Pihole -g / List download / disappointing performance

jpgpi250 · January 22, 2020, 1:40pm

In previous pihole versions, when a list download failed, the previously cached version was used. These cached lists could be found in /etc/pihole, example: list.3.bitbucket.org.domains. In pihole 5, these lists only appear to exist while the list is processed, it is deleted as soon as processing is completed.

Is this intentional? downloads fail sometimes, using the cached list was a benefit, as opposed to no data from that list at all.

I have 76 lists to process (defaults + firebog nocross + a few more (less than 10), running pihole -g takes for ever.
on pihole v5beta: approximately 1 hour 28 minutes
start: Wed 22 Jan 16:53:54 CET 2020
finished: Wed 22 Jan 18:21:45 CET 2020
on pihole v4.3.2: approximately 5 minutes
start: Wed 22 Jan 17:10:31 CET 2020
finished: Wed 22 Jan 17:15:09 CET 2020
using the same lists, whitelist, regex on both versions.
pihole v5beta database (v10) size: 213.860Kb
Is this normal? (running on a pi 3B).

I would almost suggested (probably not appreciated by the developers) to revert to the v4.3.2 routines to create gravity.list and than import the result into the database...

during the pihole -g run...

 uptime
 16:50:12 up  5:19,  1 users,  load average: 4.71, 3.88, 2.94

would this be a reason to buy a pi 4 to run pihole?

Thanks for your time and effort.

Jeroentje · January 22, 2020, 6:09pm

I've noticed that the performance of my installation during the list download is severely downgraded as well.

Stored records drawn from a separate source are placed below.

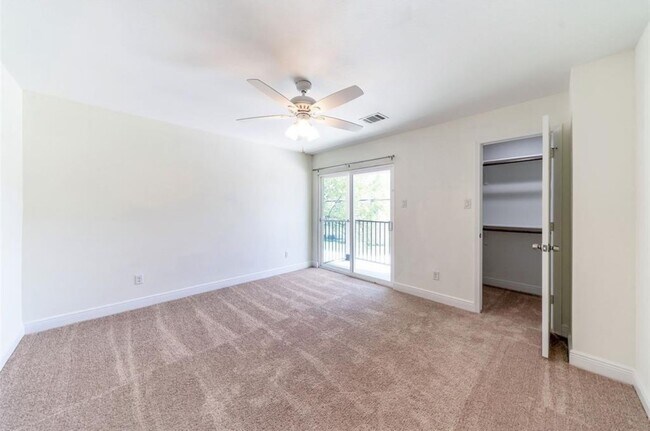 Building Photo - 5007 Mallow St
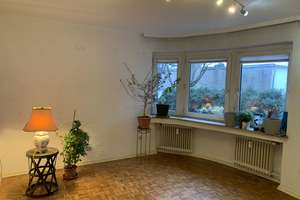Zentrumsnah und ruhig, süßes Apartment im 2. OG, Parkett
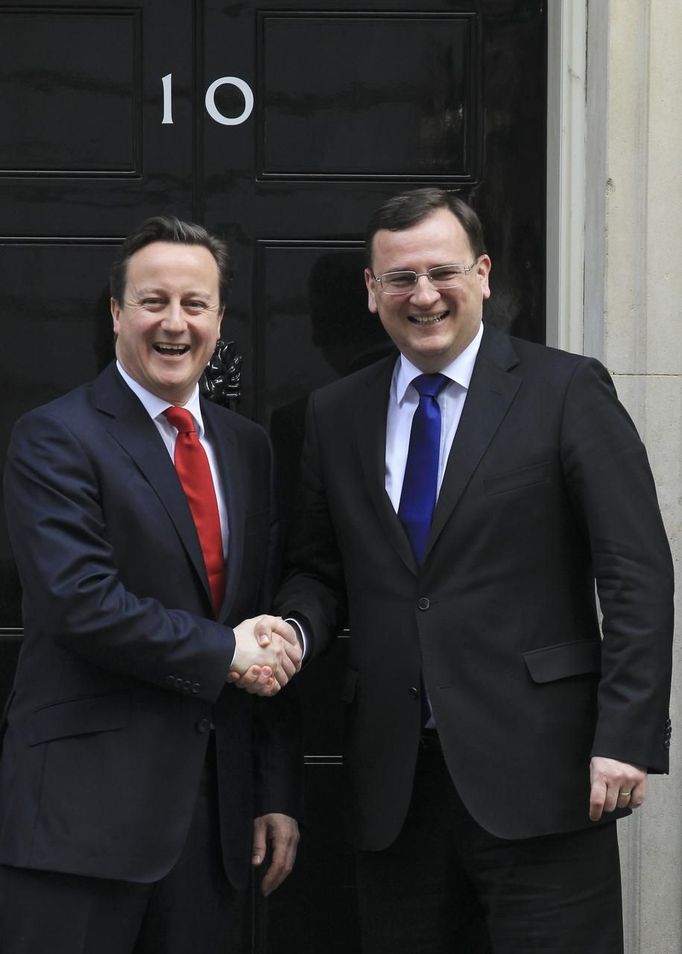 Spiklenci před summitem. Britský premiér David Cameron a Petr Nečas v Downing Street 10.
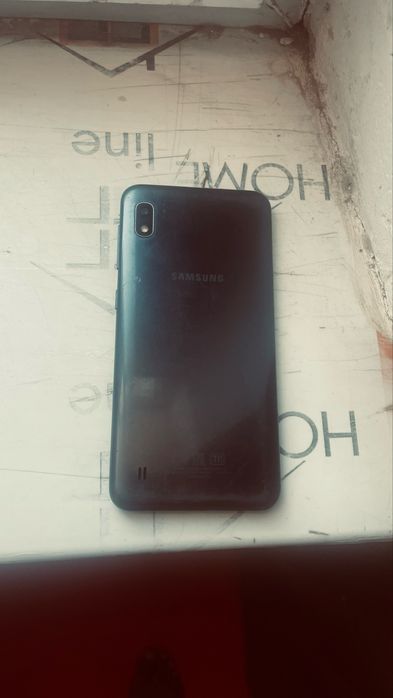 Продам телефон самсунг а 10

Whenever my installation is fetching the newest list and putting it in the database DNS resolution will be temporarily unavailable.

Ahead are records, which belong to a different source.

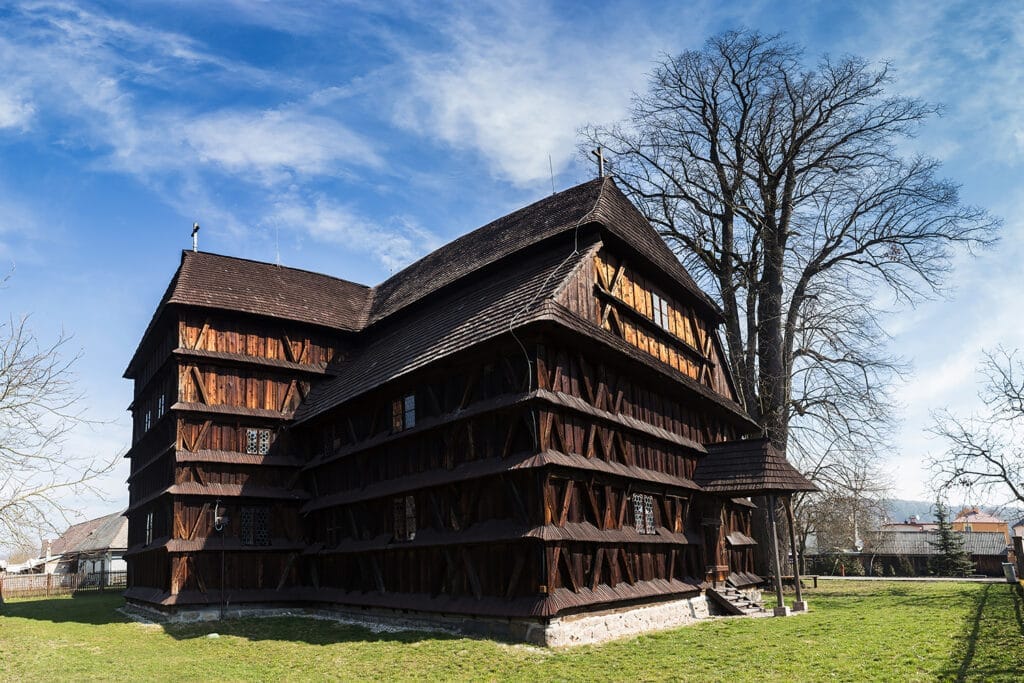 Tretí typ drevených kostolov, evanjelické chrámy, sa vyznačujú pôdorysom v tvare gréckeho kríža (na obrázku Hronsek)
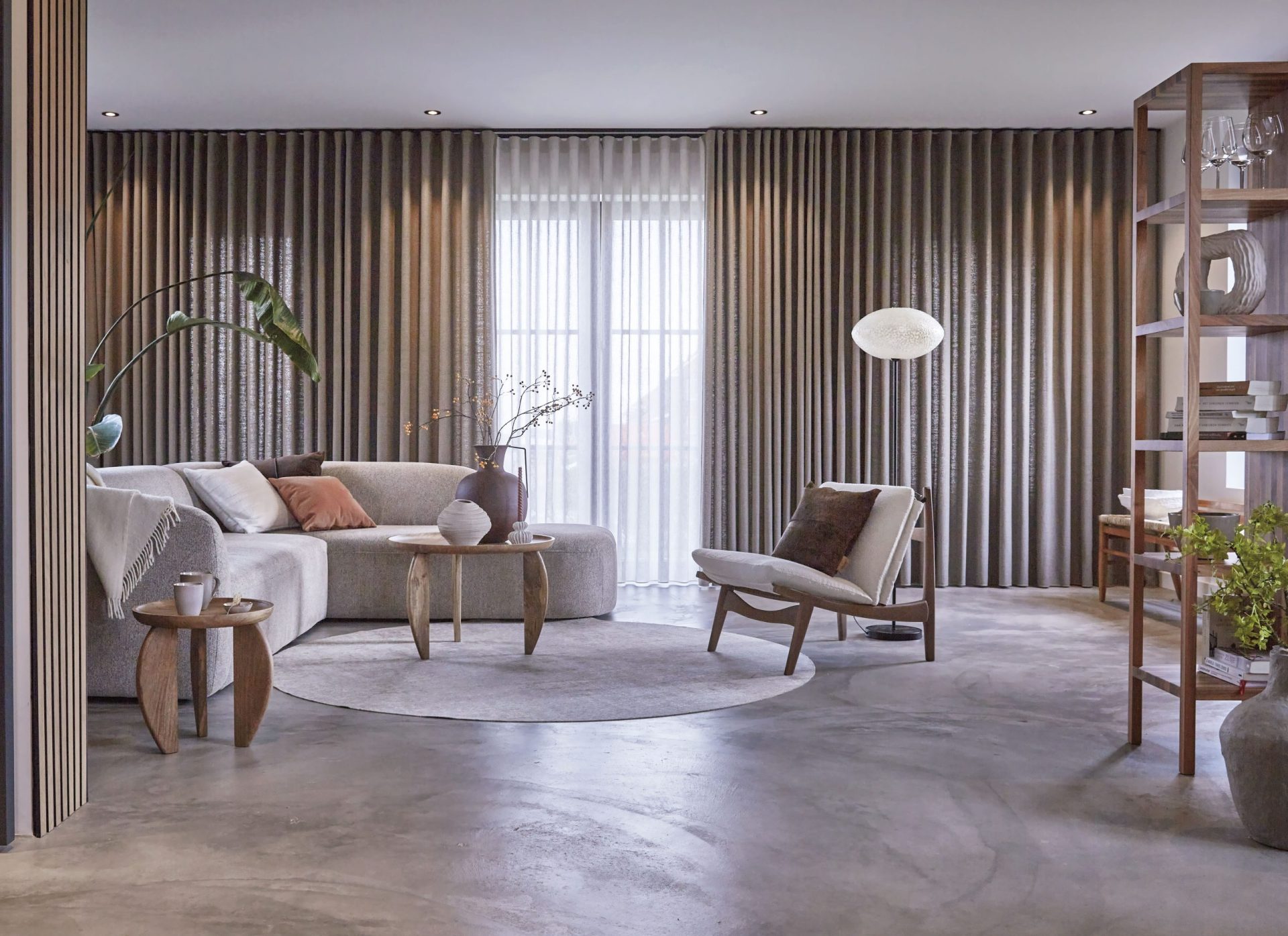 Woonkamer in Scandinavische stijl met warme herfsttinten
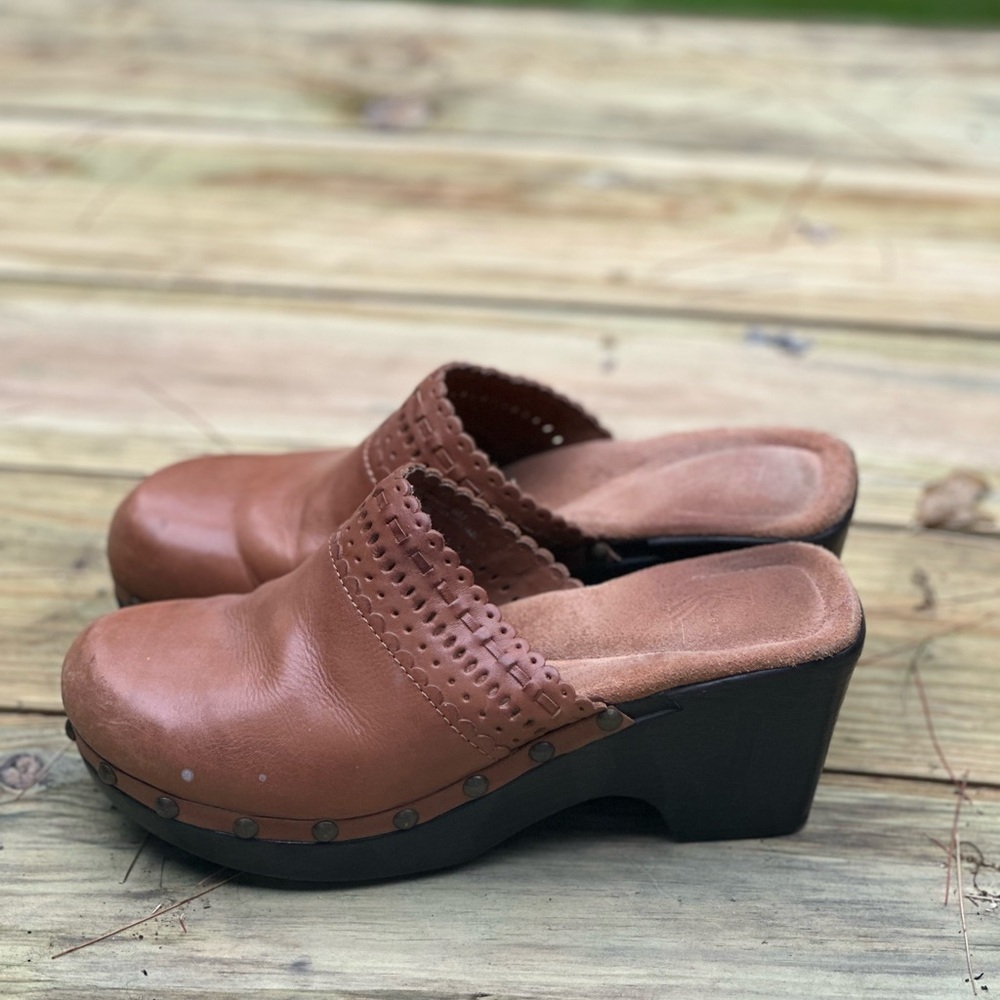 Vintage Women's Brown Leather Clogs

PromoFaux · January 22, 2020, 6:18pm

This would also take the same time. It's not the downloading of the lists that takes the time, it's inserting them into the database.

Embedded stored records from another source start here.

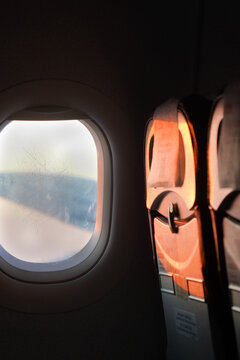 阳光照在飞机的椅背上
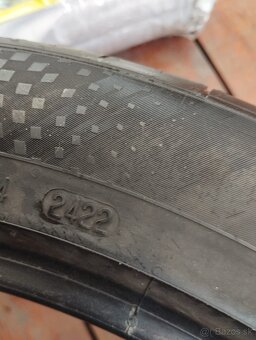 285 40 R20 Continental letni 5mm - 9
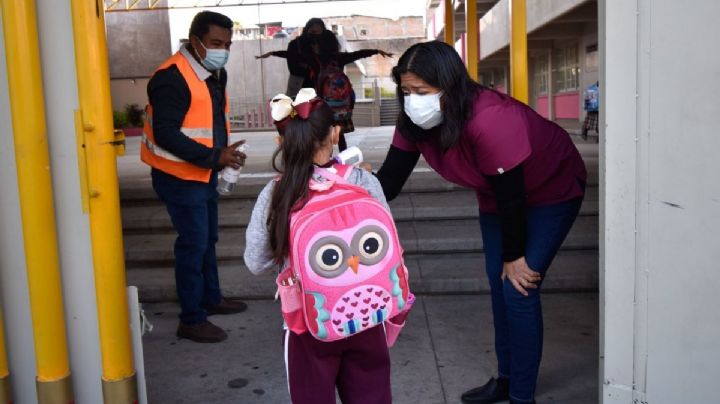 ¿Se puede exigir una prueba COVID para regresar a clases? Esto dice la SEP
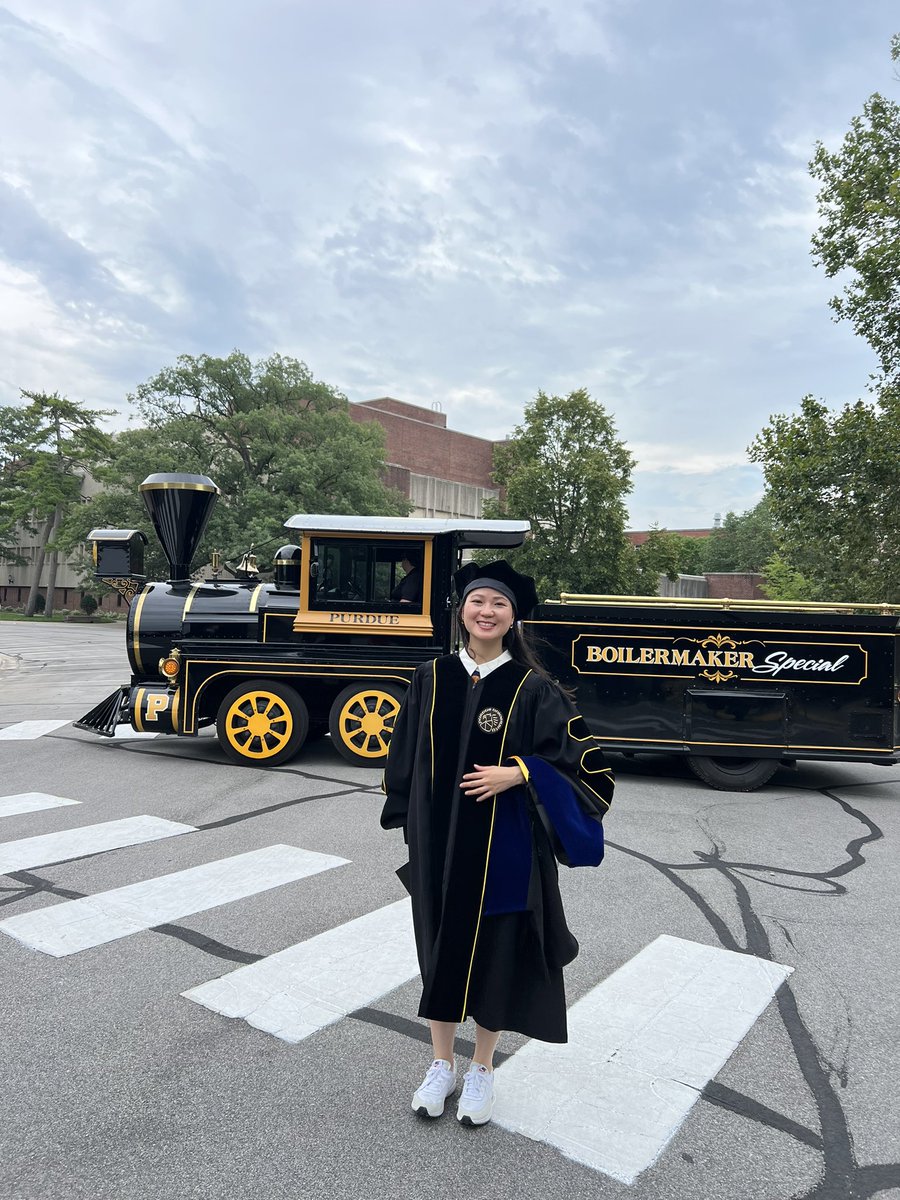 yeolab's tweet photo. Dr. Jianping Wang @wangjennifer0 walks at the 250th commencement ceremony at @LifeAtPurdue . Congratulations! @PurdueIPPH https://t.co/Tcpe7EftNt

This is due to the indexing of each list, which is necessary so lookups are fast even for clients that use only some of the adlists, because with 5.0 adlists can be per-client, too.

At my last testing, standard lists on a Pi 3 took 23 seconds to complete. For me this is acceptable.

Besides which, gravity is supposed to be a background process (hence the cron job for it to run once a week in the small hours of Sunday morning) there shouldn't be a huge reason for people to be running pihole -g constantly.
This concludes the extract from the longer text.